Jelly's Gold (Mac McKenzie #6) - Page 13/101

The lawmen and their prisoner paused briefly when they emerged from the depot into bright sunshine; Frank brought his manacled hands up to shade his eyes. Seeing nothing that aroused their suspicions, they moved gingerly toward a new 1933 Chevrolet and a 1932’s Dodge sedan that were parked directly in front of the east entrance of Union Station. The Chevy was owned by Agent Caffrey. He opened the right front passenger door and shoved Frank inside. Lackey, Reed, and Smith settled into the backseat while Vetterli, Grooms, and Hermanson waited between the Chevy and the Dodge—it was their intention to use the Dodge to escort the Chevy to the prison. Caffrey circled the car and had set his hand on the driver’s door latch when a booming voice shouted, “Up! Up! Get ’em up!”

Two men carrying machine guns were sprinting toward the Chevy from behind. Three others, similarly armed, appeared in front.

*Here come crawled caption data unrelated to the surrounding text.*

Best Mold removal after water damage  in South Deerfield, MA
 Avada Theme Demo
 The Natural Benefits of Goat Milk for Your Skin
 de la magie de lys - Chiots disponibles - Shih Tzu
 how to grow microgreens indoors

The one who had shouted, a heavyset man, was standing on the running board of a green Plymouth. He was aiming his chopper at the lawmen standing between the Chevy and the Dodge. The identities of most of the gunmen would be debated for decades—especially that of the heavyset man standing on the running board—but the identity of at least one remains indisputable: Verne Miller.

Frank grinned and shook his head with wonder at the sight of him. The last time he had seen him, Miller bawled Frank out for his excessive drinking. Miller was like that, a teetotaling, nonsmoking nongambler who simply would not abide profanity in his presence. He and Frank had become fast friends largely because of the sensibilities they shared. Both were unfailingly polite even during the course of a robbery, both respected women, both were notoriously meticulous when planning and executing their spectacular crimes, and neither tolerated gratuitous violence. If there was a difference, it was this: Verne Miller was one of the most proficient and sought-after hit men of his era, working with the Purple Gang in Detroit, Capone’s syndicate in Chicago, and Louis “Lepke” Buchalter’s Murder Incorporated on the East Coast.

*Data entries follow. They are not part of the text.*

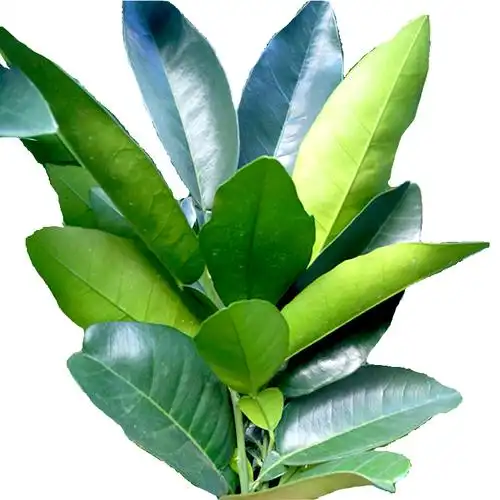 广东老树30年带枝沐浴金柚叶子叶鲜柚开运新鲜柚柚子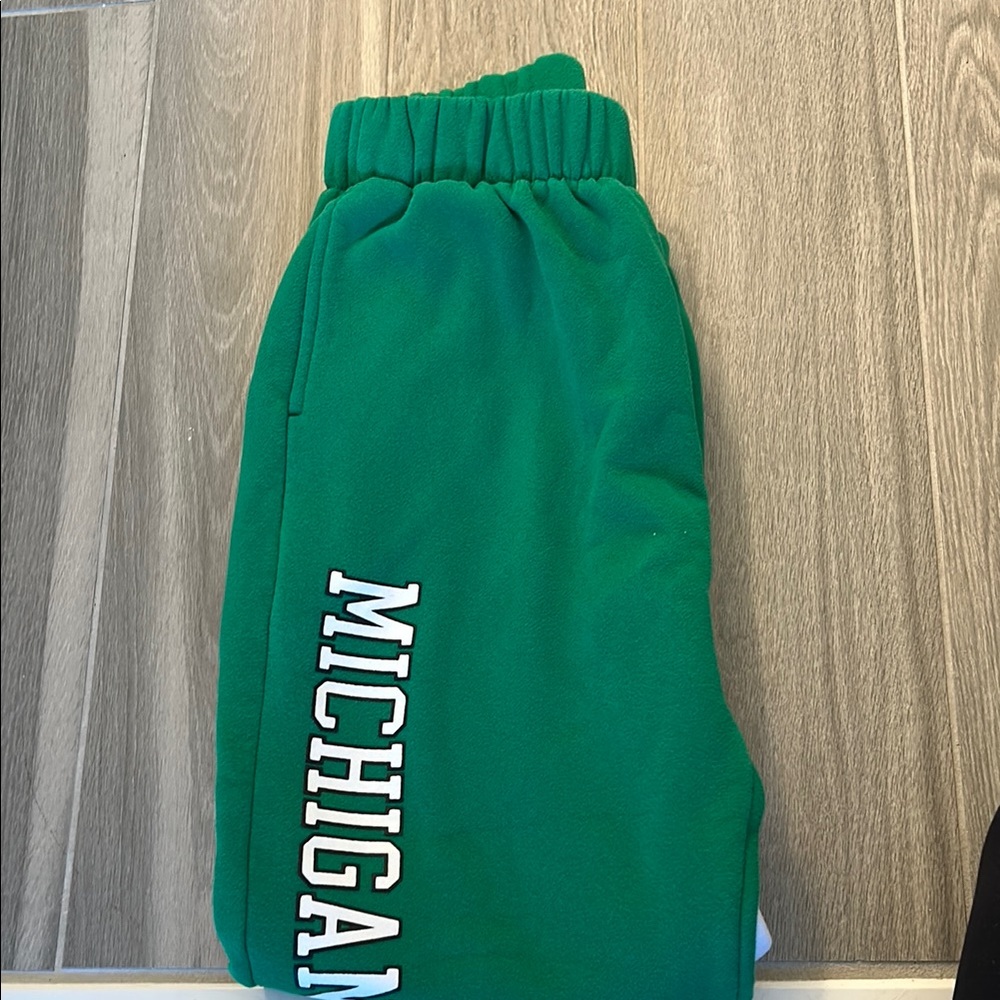 Michigan State Hype and Vice Sweatpants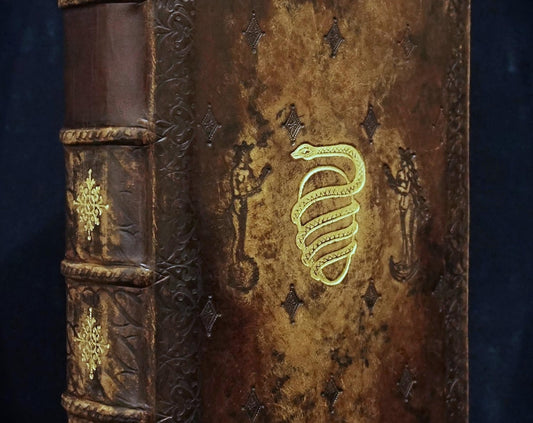 Demiurge journal medium size journal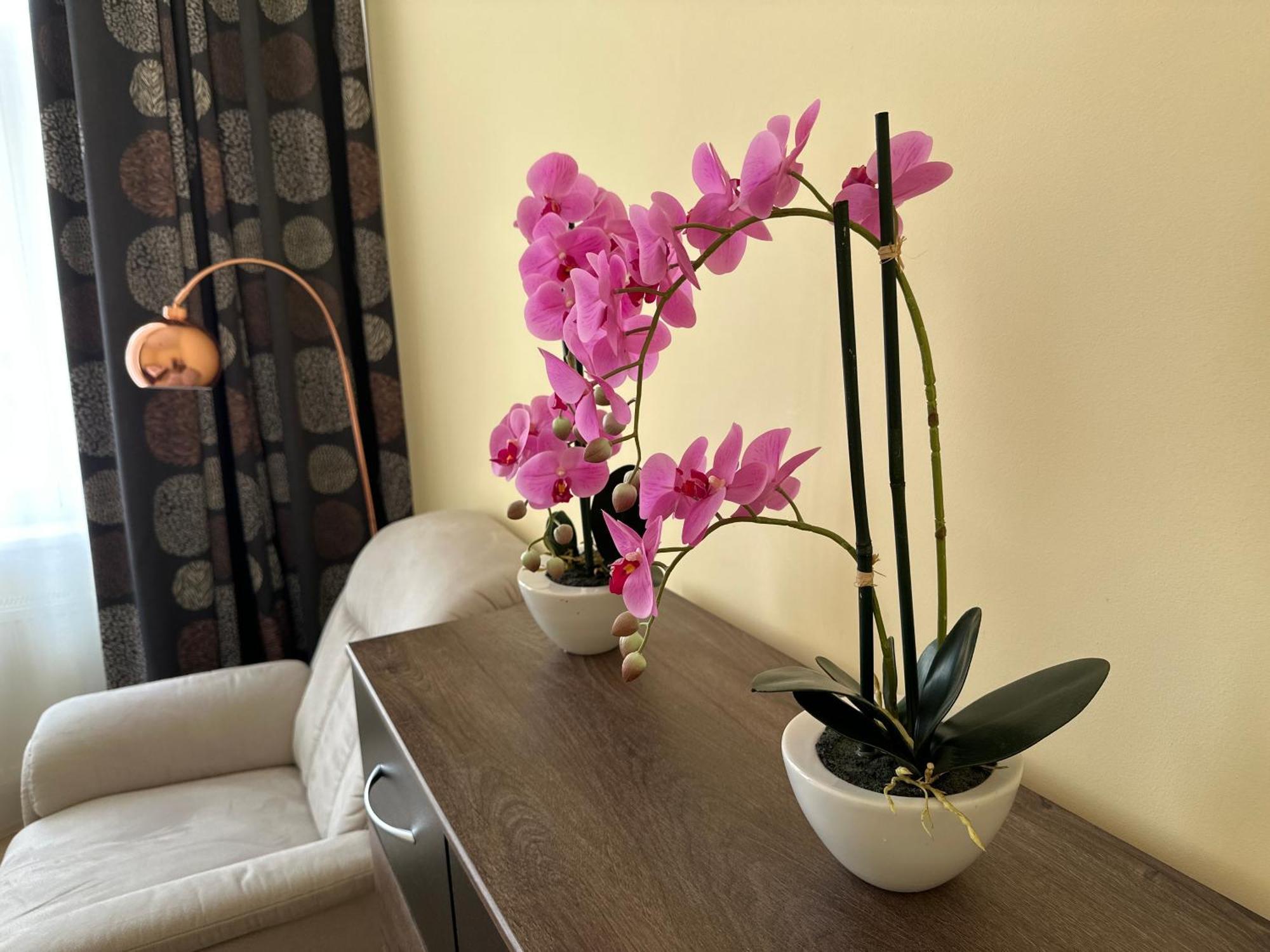 Apartment Zeyerova4 Karlovy Vary Ngoại thất bức ảnh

It must have seemed to Frank at that moment that he would escape this disaster just as he had so many others in the past. Then the fragile peace that existed for an instant when the gunmen first faced the officers was broken when Red Grooms jerked his pistol out and squeezed off two rounds at the heavyset man, hitting him in the arm. “Let ’em have it!” the man shouted even as he opened up on the lawmen. His companions did the same.

Grooms and Hermanson were killed instantly.

Vetterli was shot in the arm. He dropped to the pavement and slid under a car for cover.

Caffrey was shot in the head; he was dead before he fell.

Inside the car, Chief Reed took a chest full of slugs and died while reaching for his gun.

Lackey was shot three times in the spine—but did not die. He slumped on top of Smith. Only Smith would escape the massacre unscathed.

Frank was appalled by the slaughter around him. “Verne, have you gone crazy?” he shouted. The shooting continued. Machine-gun rounds splattered the Chevy. Frank began frantically waving his cuffed hands at the gunmen. “For God’s sake, don’t shoot me.”

A moment later, much of his head was blown away.

Watching it all, Lottie West began screaming, “They’re killing everyone.”

Officer Mike Fanning, who patrolled Union Station for the Kansas City Police Department, came running. He saw the gunfight but didn’t know who was shooting at whom or why.

“Shoot the fat man, Mike,” Lottie shouted. “Shoot the fat man. It’s Pretty Boy Floyd.”

Fanning aimed at the heavyset man and fired. The man whirled and fell to the ground, but he got up and continued firing, and Fanning didn’t know if he hit him or if the fat man merely dove to avoid being shot.

One of the gunmen ran to the Chevy and peered inside. “They’re all dead,” he announced. The killers began running, all except Verne Miller, who stood in front of the Chevy, apparently transfixed by the shattered windshield his friend had been sitting behind. One of the gunmen grabbed his arm and pulled him away. “Let’s get out of here,” he cried. The gunmen piled into the Plymouth and a light-colored Oldsmobile and raced out of the parking lot, heading west on Broadway.

It would astonish Lottie West later when she learned that the entire Kansas City Massacre, as the shooting would soon be infamously dubbed, had taken less than thirty seconds. To her it seemed to last forever.